Facebook is announcing three new offerings to drive mobile and offline retail sales. They’re really product evolutions or extensions of existing solutions previously introduced: store sales optimization, Tabs for Canvas and product categories for dynamic ads.
All of them utilize Facebook interest and behavioral data for varying degrees of personalization.
Store sales optimization uses machine learning “to help retailers show ads to people most likely to make an in-store purchase, even if they are not an existing customer.” Early customer Michael Kors used this in connection with a branded Instagram video campaign to generate an 11 percent incremental lift in in-store sales, which is significant — especially if these are new customers.
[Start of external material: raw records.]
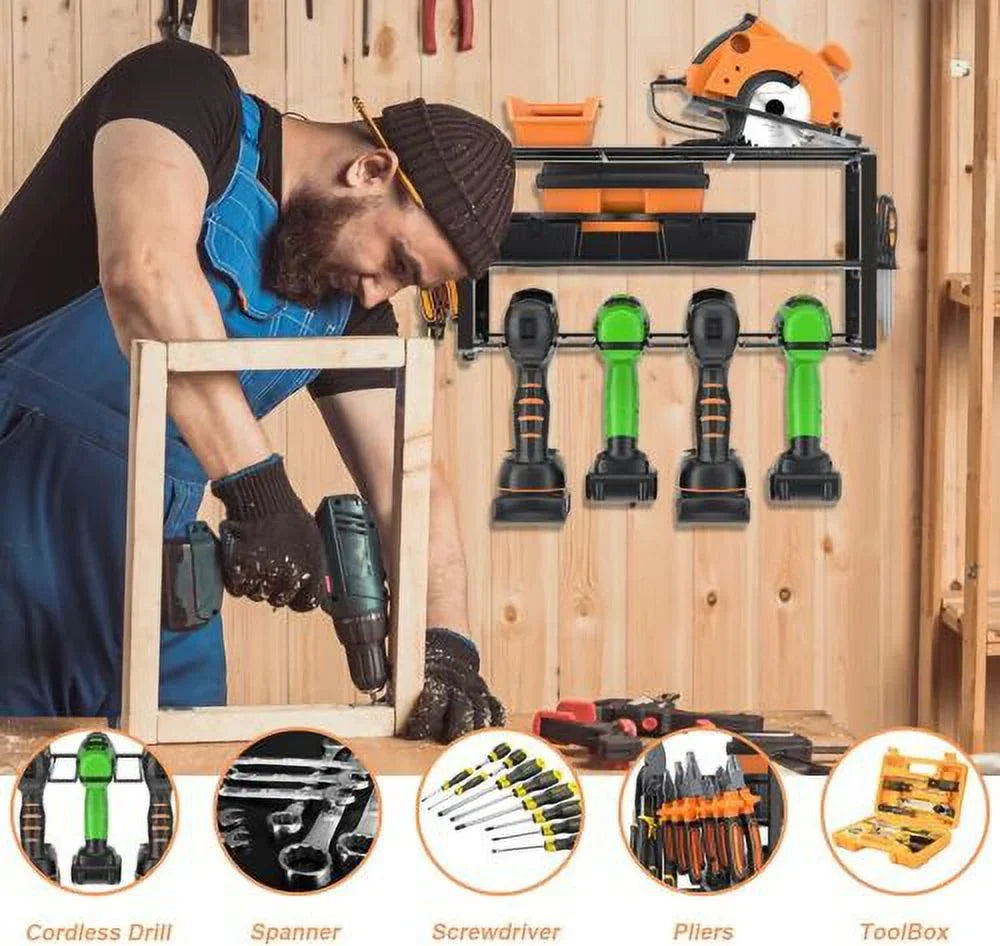 Heavy Duty Power Tool Organizer Utility Storage Rack Wall-Mounted Drill Holder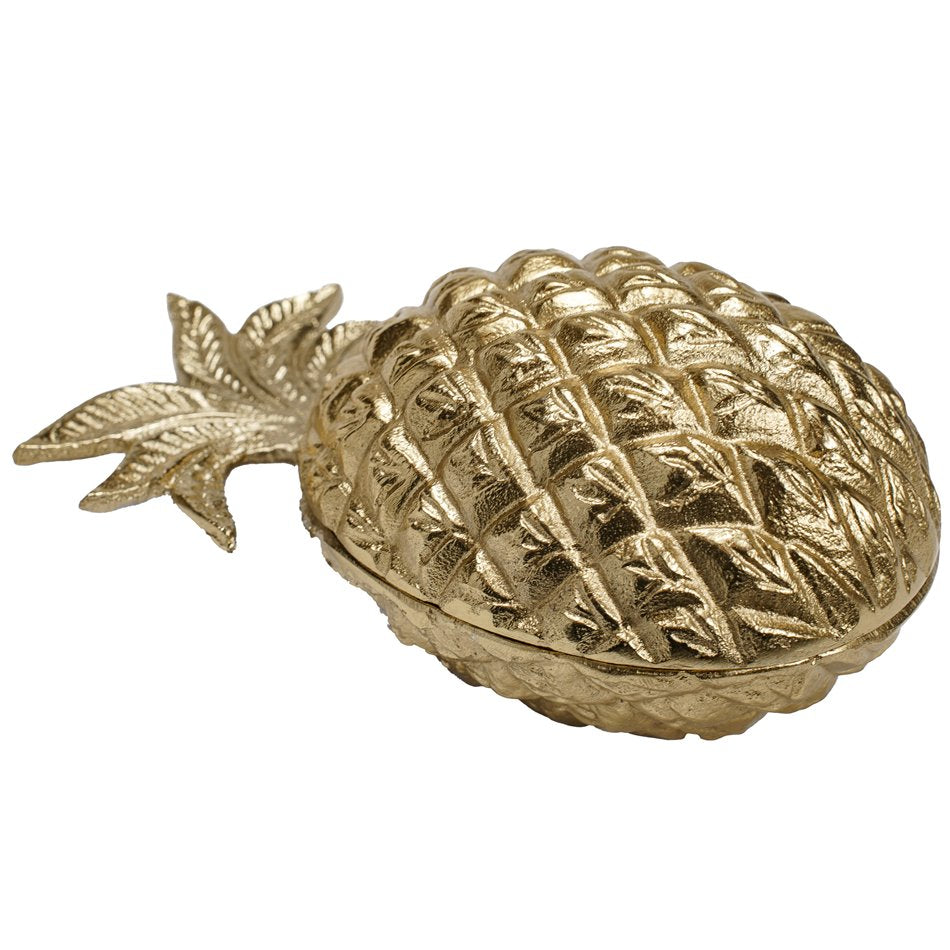 Box Pineapple, aluminium, gold color, 8.8x19x10cm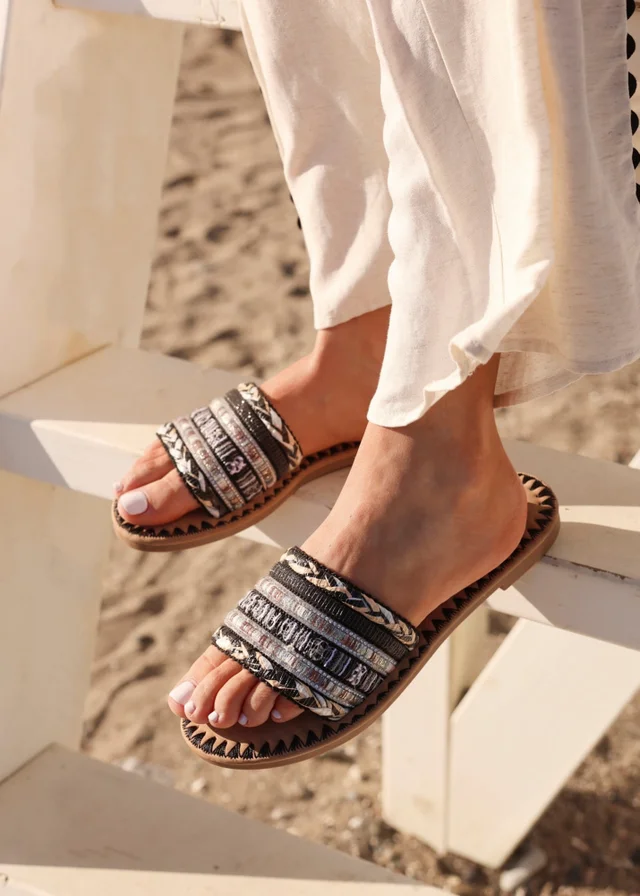 Linzi Carel Black Woven Embellished Flat Sandals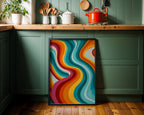 Groovy Retro Swirl Print art print framed on a wall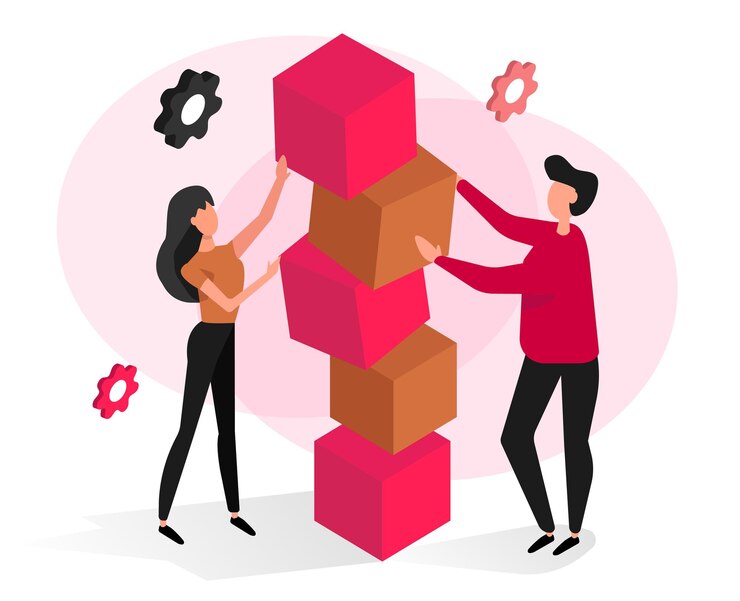 Vector 3d isometric illustration for marketing isometry the team collects data to compile a brand book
Facebook is also adding personalization to its Collection ads. The new capability is called “Tabs for Canvas,” and when users click on product-centric ads in the News Feed, they’ll be taken to a full-screen mobile ad experience with a “personalized catalog organized according to their interests”:
Tabs for Canvas are curated using the same product recommendations engine that powers dynamic ads today. This enables us to show shoppers the parts of a catalog most relevant to them, both within news feed and in the fullscreen experience, based on their changing interests and shopping behavior.
With Tabs for Canvas, Facebook says Sephora saw a 32 percent higher return on ad spend.
The final offering, “Categories for dynamic ads,” is an effort to reach shoppers earlier in the purchase cycle. It enables retailers to dynamically showcase products in a particular category that a shopper has displayed in, but hasn’t yet decided on a specific product or item. Here again, Facebook cites impressive results from a beta customer, TechStyle Fashion Group.
All three of these new capabilities are intended to help (mostly traditional) retailers sell more and come on the same day that Google announced its own efforts to help retailers perform better via mobile and voice search and compete more effectively against Amazon.